* Problem statement *
Return, unchanged and with no pictures, the lines below from the very first through the one that contains "2013 Cadillac CTS".

Information supplied Block Start

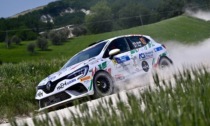 Davide Nicelli Jr e Tiziano Pieri vincono tra gli junior al Rally dell'Adriatico
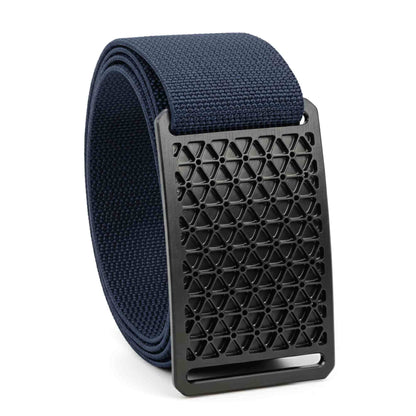 Grip6 G-Flex ISO 2.0 Gunmetal Belt 1.5"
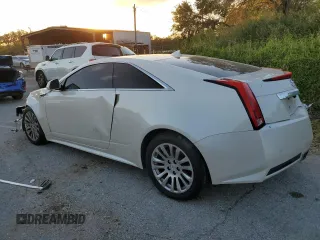 2013 Cadillac CTS Coupe with VIN 1G6DA1E30D0107369, listed as a Copart auction lot 75893114 with 97,836 mi miles and Salvage Title. Bid and sale history available at carsss.com. Image 2.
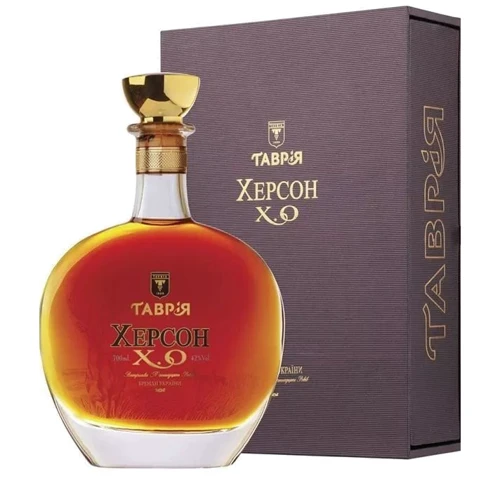 Колекційний коньяк KHERSON XO 15 років витримки, 0.7л 42% (DDSHKH209)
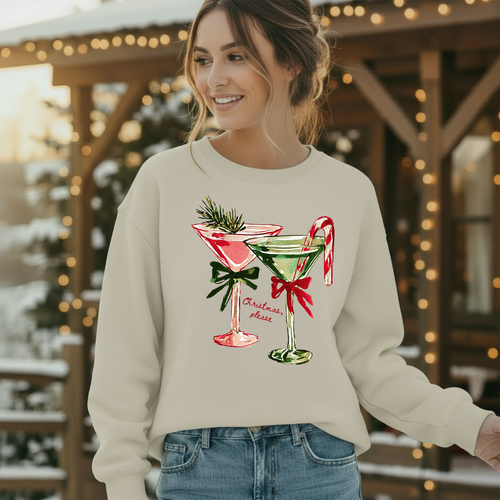 Load image 1 in gallery view. Christmas, Please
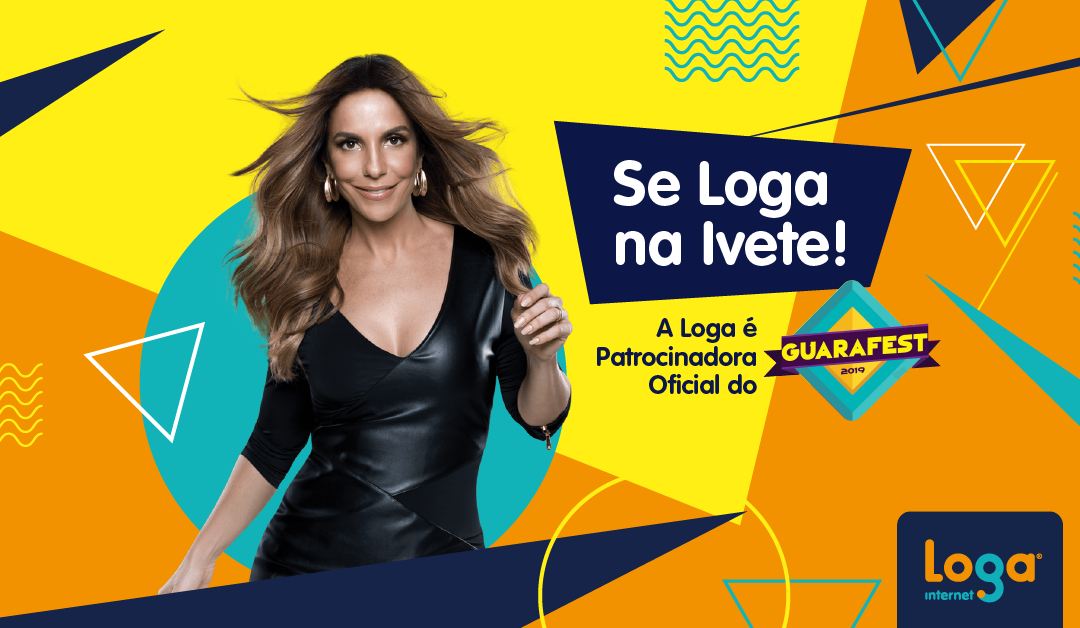 A Loga é patrocinadora oficial do Guarafest 2019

Information supplied Block End

* Response area *
 Davide Nicelli Jr e Tiziano Pieri vincono tra gli junior al Rally dell'Adriatico
 Grip6 G-Flex ISO 2.0 Gunmetal Belt 1.5"
 2013 Cadillac CTS Coupe with VIN 1G6DA1E30D0107369, listed as a Copart auction lot 75893114 with 97,836 mi miles and Salvage Title. Bid and sale history available at carsss.com. Image 2.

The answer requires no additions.